Hu Xiaole, Wu Jiahao, Xu Jianwei
Department of First Operating Room, Qilu Hospital of Shandong University, Jinan, China.
Department of Pancreatic Surgery, General Surgery, Qilu Hospital, Shandong University, Jinan, China.
Front Oncol. 2023 Jul 25;13:1133200. doi: 10.3389/fonc.2023.1133200. eCollection 2023.
As a fatal disease, the mechanism of pancreatic cancer is unclear. Urothelial carcinoma antigen 1(UCA1), a long noncoding RNA (lncRNA) that was first reported in bladder cancer, acts as an oncogene. However, the regulatory role and mechanism of UCA1 in pancreatic cancer remain unknown. This study aims to investigate the expression level and prognostic value of UCA1 in pancreatic cancer tissues, the effects and mechanism of UCA1 in regulating cell proliferation, apoptosis and metastasis.
UCA1 expression levels in tissues were detected by in situ hybridization (ISH) and the prognostic value was evaluated by univariate and multivariate survival analysis. For experiments, proliferation was evaluated by a cell count kit assay, Edu experiments, and a clone formation assay. Apoptosis was evaluated by fluorescence-activated cell sorting flow-cytometry. Cell migration and invasion capacities were detected by wound healing and transwell assays. Western blots were performed to detect apoptotic associated molecules and epithelial-mesenchymal transition (EMT) markers. For the experiment, subcutaneous transplantation models of pancreatic cancer in nude mice were established to observe the tumor growth. The regulatory mechanism of UCA1 was explored by proteomics, bioinformatic analysis, luciferase reporter assays, and rescue experiments.
ISH staining revealed that UCA1 levels between cancer tissues (n=94) and tumor-adjacent tissues (n=73) did not show significant differences. Survival analysis indicated that high expression of UCA1 was an unfavorable prognosis factor for pancreatic cancer. Downregulation of UCA1 by siRNA significantly inhibited cell proliferation, decreased the capacities of cell migration and invasion, induced cell apoptosis, and inhibited EMT. Furthermore, we demonstrated that UCA1 positively regulated the expression of BRCC3 by inhibiting miR-582-5p. Rescue experiments indicated that either inhibiting the expression of miR-582-5p or enhancing expression of BRCC3 could partly attenuate the antitumor effects of downregulation of UCA1.

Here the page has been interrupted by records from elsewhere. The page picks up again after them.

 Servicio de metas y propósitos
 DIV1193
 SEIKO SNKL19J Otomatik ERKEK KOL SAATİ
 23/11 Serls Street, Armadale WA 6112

UCA1 acted as an oncogene in pancreatic cancer by partly regulating miR-582-5p/BRCC3, which could be a new therapeutic target for pancreatic cancer.
胰腺癌作为一种致命疾病,其发病机制尚不清楚。尿路上皮癌抗原1(UCA1)是一种长链非编码RNA(lncRNA),最初在膀胱癌中被报道,具有癌基因作用。然而,UCA1在胰腺癌中的调控作用和机制仍不清楚。本研究旨在探讨UCA1在胰腺癌组织中的表达水平及预后价值,以及UCA1在调节细胞增殖、凋亡和转移中的作用及机制。

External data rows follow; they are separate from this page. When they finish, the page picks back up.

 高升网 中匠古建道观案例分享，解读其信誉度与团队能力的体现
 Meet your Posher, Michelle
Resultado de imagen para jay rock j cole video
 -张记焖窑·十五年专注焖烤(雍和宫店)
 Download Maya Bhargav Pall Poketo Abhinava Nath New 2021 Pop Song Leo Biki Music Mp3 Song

采用原位杂交(ISH)检测组织中UCA1表达水平,并通过单因素和多因素生存分析评估其预后价值。体外实验中,通过细胞计数试剂盒检测、Edu实验和克隆形成实验评估细胞增殖。通过荧光激活细胞分选流式细胞术评估细胞凋亡。通过伤口愈合实验和Transwell实验检测细胞迁移和侵袭能力。采用蛋白质印迹法检测凋亡相关分子和上皮-间质转化(EMT)标志物。体内实验中,建立裸鼠胰腺癌皮下移植模型观察肿瘤生长。通过蛋白质组学、生物信息学分析、荧光素酶报告基因实验和挽救实验探索UCA1的调控机制。

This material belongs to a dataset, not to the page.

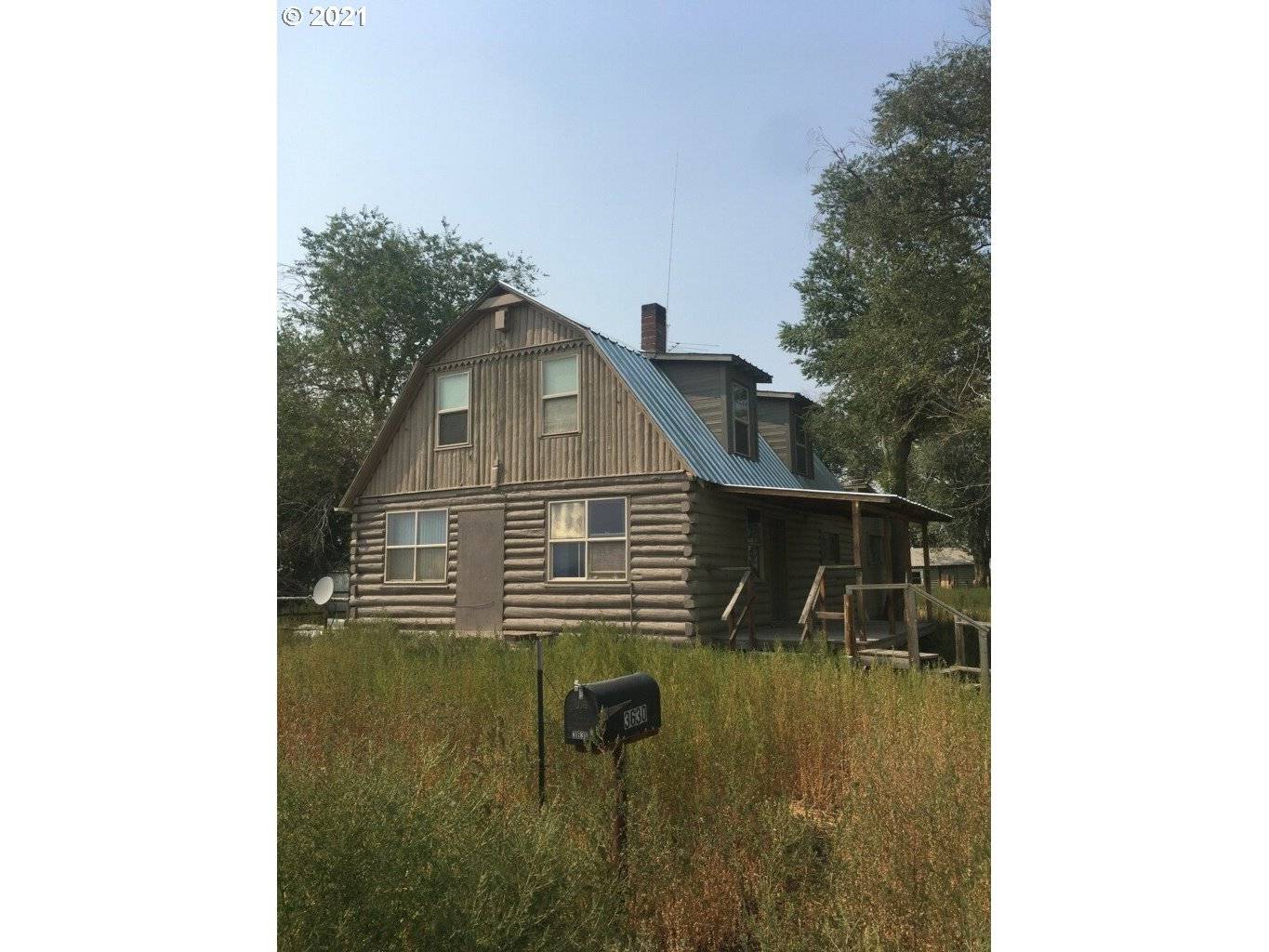 Jordan Valley, OR 97910,3630 W US 95 HWY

ISH染色显示,癌组织(n = 94)和癌旁组织(n = 73)中UCA1水平无显著差异。生存分析表明,UCA1高表达是胰腺癌的不良预后因素。siRNA下调UCA1可显著抑制细胞增殖,降低细胞迁移和侵袭能力,诱导细胞凋亡,并抑制EMT。此外,我们证明UCA1通过抑制miR-582-5p正向调节BRCC3的表达。挽救实验表明,抑制miR-582-5p表达或增强BRCC3表达均可部分减弱下调UCA1的抗肿瘤作用。
UCA1通过部分调节miR-582-5p/BRCC3在胰腺癌中发挥癌基因作用,这可能是胰腺癌的一个新治疗靶点。